Material for this task:
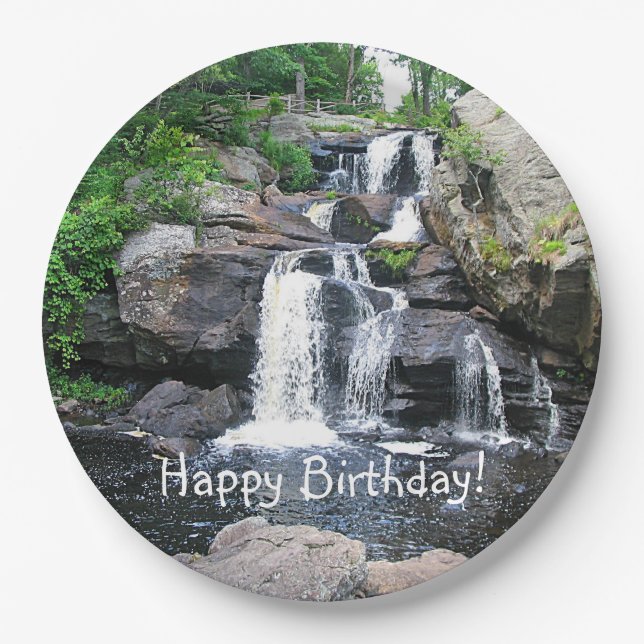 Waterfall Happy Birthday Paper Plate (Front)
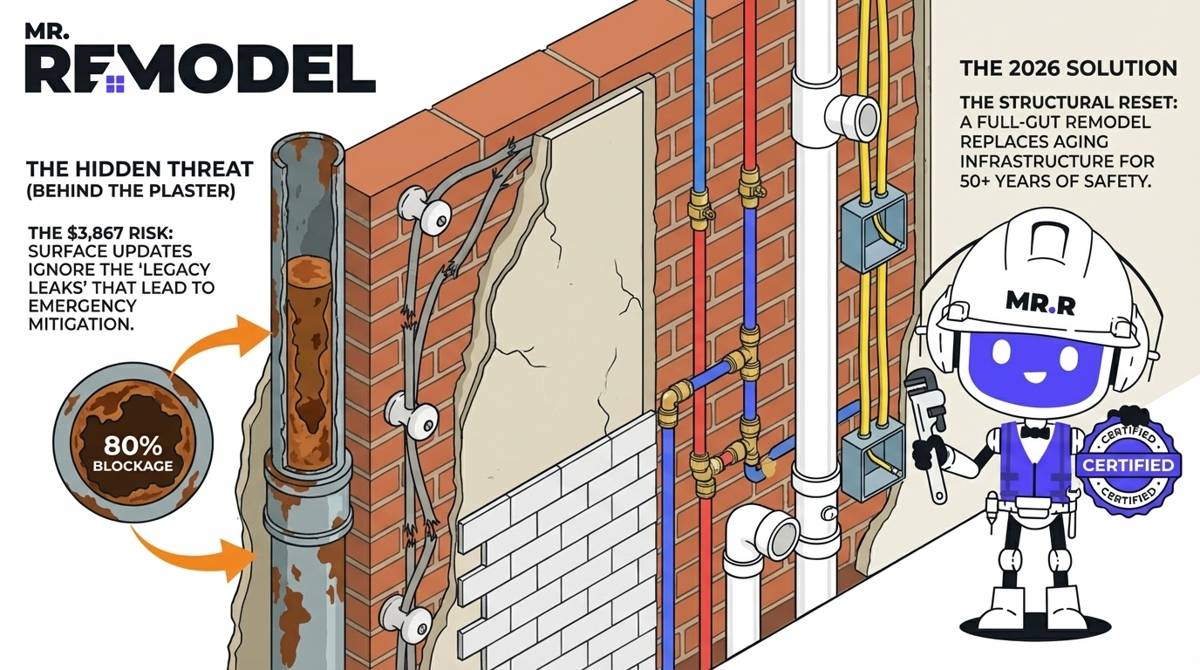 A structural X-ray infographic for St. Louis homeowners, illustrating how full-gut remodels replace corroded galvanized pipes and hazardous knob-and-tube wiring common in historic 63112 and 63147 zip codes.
...
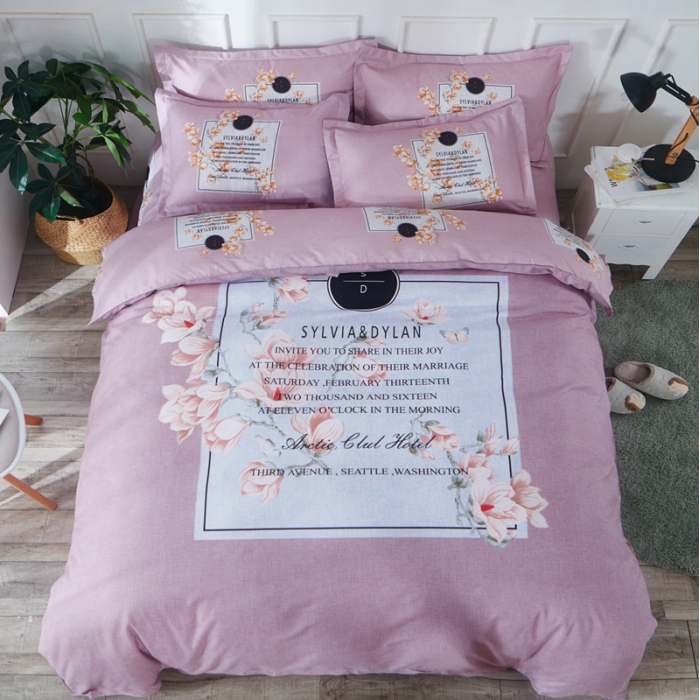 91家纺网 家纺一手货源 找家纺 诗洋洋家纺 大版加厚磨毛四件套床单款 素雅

Work instruction:
Give again, exactly as written above, each line from the one that has "Waterfall Happy Birthday Paper Plate (Front)" to the one that has "A structural X-ray", both included; omit the pictures.

Answer box:
 Waterfall Happy Birthday Paper Plate (Front)
 A structural X-ray infographic for St. Louis homeowners, illustrating how full-gut remodels replace corroded galvanized pipes and hazardous knob-and-tube wiring common in historic 63112 and 63147 zip codes.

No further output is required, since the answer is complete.